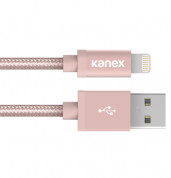 Kanex Premium Lightning to USB Cable 120 cm - кабел за iPhone 6, iPhone 6 Plus, iPad и iPod с Lightning (розов)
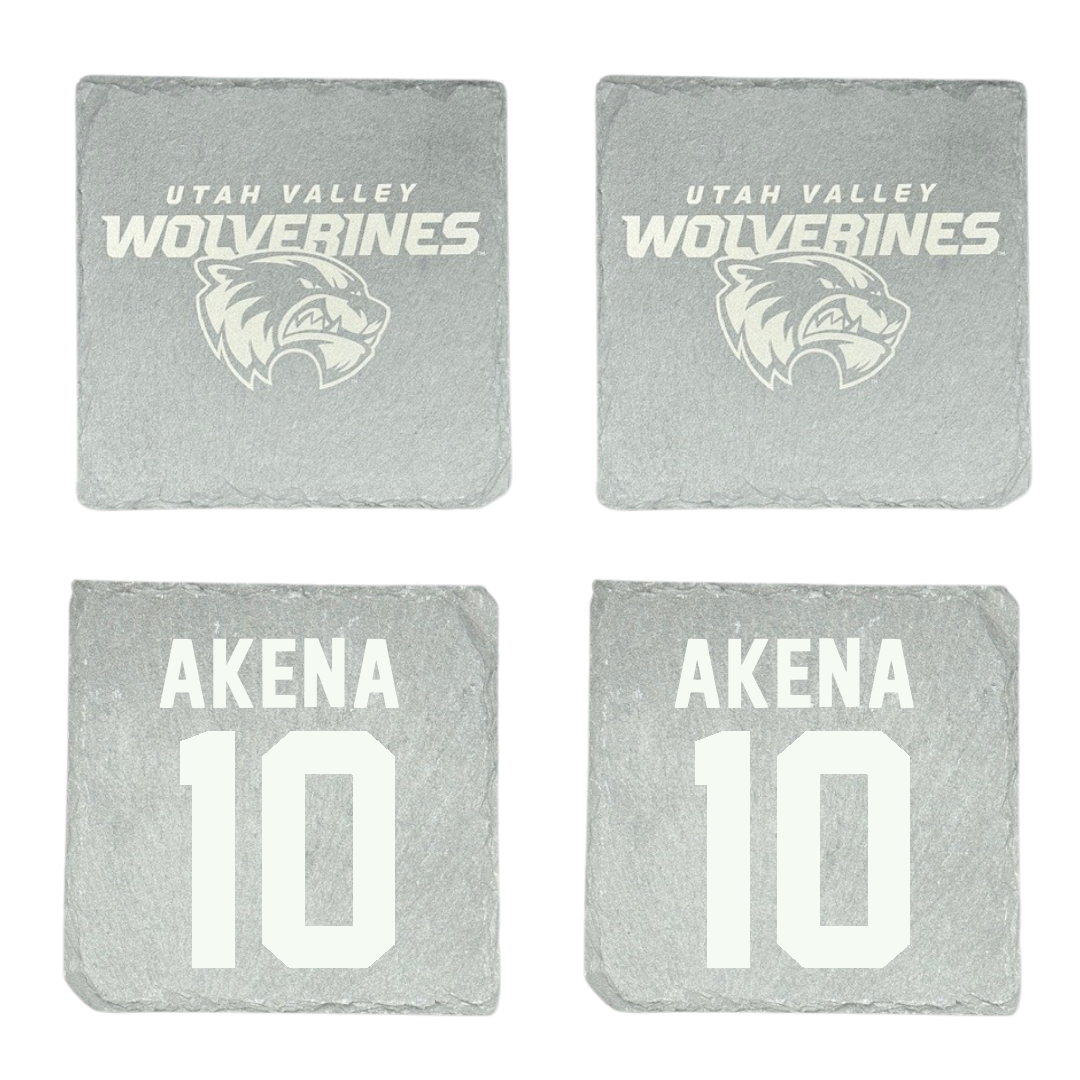Utah Valley University Basketball Stone Coaster (4 Pack)  - #10 Simon Akena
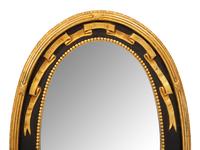 A Continental Parcel Gilt Mirror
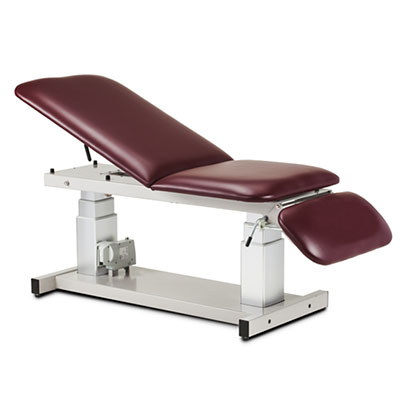 [80063] Clinton, General Ultrasound Table, 3-Section, Motorized Hi-Lo, 76" x 34"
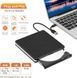 Зовнішній DVD-привід Amicool USB 3.0, Type-C CD DVD +/-RW, оптичний привід 0401 фото 2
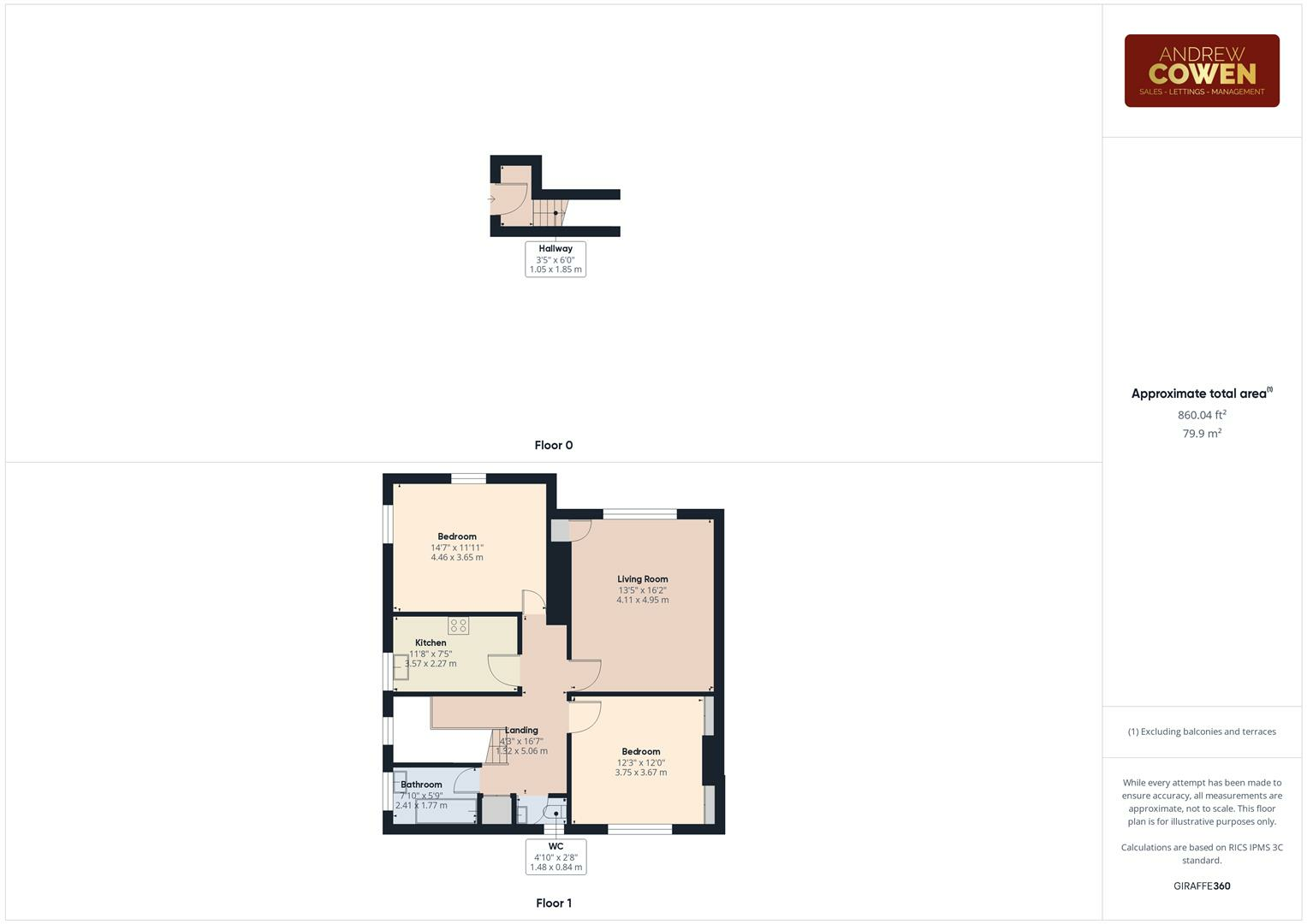 Esplanade Road, Scarborough floorplan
-=-=-
■ **Task**: Print every entry above again, exactly as written. Leave the images out.

■ **Task response**:
 Kanex Premium Lightning to USB Cable 120 cm - кабел за iPhone 6, iPhone 6 Plus, iPad и iPod с Lightning (розов)
Utah Valley University Basketball Stone Coaster (4 Pack)  - #10 Simon Akena
 A Continental Parcel Gilt Mirror
 [80063] Clinton, General Ultrasound Table, 3-Section, Motorized Hi-Lo, 76" x 34"
 Зовнішній DVD-привід Amicool USB 3.0, Type-C CD DVD +/-RW, оптичний привід 0401 фото 2
 Esplanade Road, Scarborough floorplan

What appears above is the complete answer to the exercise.